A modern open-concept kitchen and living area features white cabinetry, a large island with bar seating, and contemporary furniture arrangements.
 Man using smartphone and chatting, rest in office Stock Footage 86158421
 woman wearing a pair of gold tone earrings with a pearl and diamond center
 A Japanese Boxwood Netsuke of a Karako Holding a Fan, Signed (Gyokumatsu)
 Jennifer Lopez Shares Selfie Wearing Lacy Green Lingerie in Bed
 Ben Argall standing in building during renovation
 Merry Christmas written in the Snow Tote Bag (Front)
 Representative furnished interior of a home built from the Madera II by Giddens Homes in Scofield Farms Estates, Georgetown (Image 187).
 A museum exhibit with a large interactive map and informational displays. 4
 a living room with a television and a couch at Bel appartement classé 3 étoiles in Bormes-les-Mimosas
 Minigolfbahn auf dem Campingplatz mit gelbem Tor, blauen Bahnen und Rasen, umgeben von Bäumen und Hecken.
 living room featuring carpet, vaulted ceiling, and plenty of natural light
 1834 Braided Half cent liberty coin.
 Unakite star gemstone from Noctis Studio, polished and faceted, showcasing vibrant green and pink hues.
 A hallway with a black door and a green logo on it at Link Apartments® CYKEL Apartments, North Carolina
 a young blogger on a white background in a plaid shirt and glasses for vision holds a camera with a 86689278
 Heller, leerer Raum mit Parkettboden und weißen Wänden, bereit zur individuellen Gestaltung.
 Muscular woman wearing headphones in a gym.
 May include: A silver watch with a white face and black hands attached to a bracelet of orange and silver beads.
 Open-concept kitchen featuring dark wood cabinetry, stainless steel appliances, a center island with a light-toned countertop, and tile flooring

[Work order] Please write the listing out again, matching each line exactly.

[Result for this task]
A modern open-concept kitchen and living area features white cabinetry, a large island with bar seating, and contemporary furniture arrangements.
 Man using smartphone and chatting, rest in office Stock Footage 86158421
 woman wearing a pair of gold tone earrings with a pearl and diamond center
 A Japanese Boxwood Netsuke of a Karako Holding a Fan, Signed (Gyokumatsu)
 Jennifer Lopez Shares Selfie Wearing Lacy Green Lingerie in Bed
 Ben Argall standing in building during renovation
 Merry Christmas written in the Snow Tote Bag (Front)
 Representative furnished interior of a home built from the Madera II by Giddens Homes in Scofield Farms Estates, Georgetown (Image 187).
 A museum exhibit with a large interactive map and informational displays. 4
 a living room with a television and a couch at Bel appartement classé 3 étoiles in Bormes-les-Mimosas
 Minigolfbahn auf dem Campingplatz mit gelbem Tor, blauen Bahnen und Rasen, umgeben von Bäumen und Hecken.
 living room featuring carpet, vaulted ceiling, and plenty of natural light
 1834 Braided Half cent liberty coin.
 Unakite star gemstone from Noctis Studio, polished and faceted, showcasing vibrant green and pink hues.
 A hallway with a black door and a green logo on it at Link Apartments® CYKEL Apartments, North Carolina
 a young blogger on a white background in a plaid shirt and glasses for vision holds a camera with a 86689278
 Heller, leerer Raum mit Parkettboden und weißen Wänden, bereit zur individuellen Gestaltung.
 Muscular woman wearing headphones in a gym.
 May include: A silver watch with a white face and black hands attached to a bracelet of orange and silver beads.
 Open-concept kitchen featuring dark wood cabinetry, stainless steel appliances, a center island with a light-toned countertop, and tile flooring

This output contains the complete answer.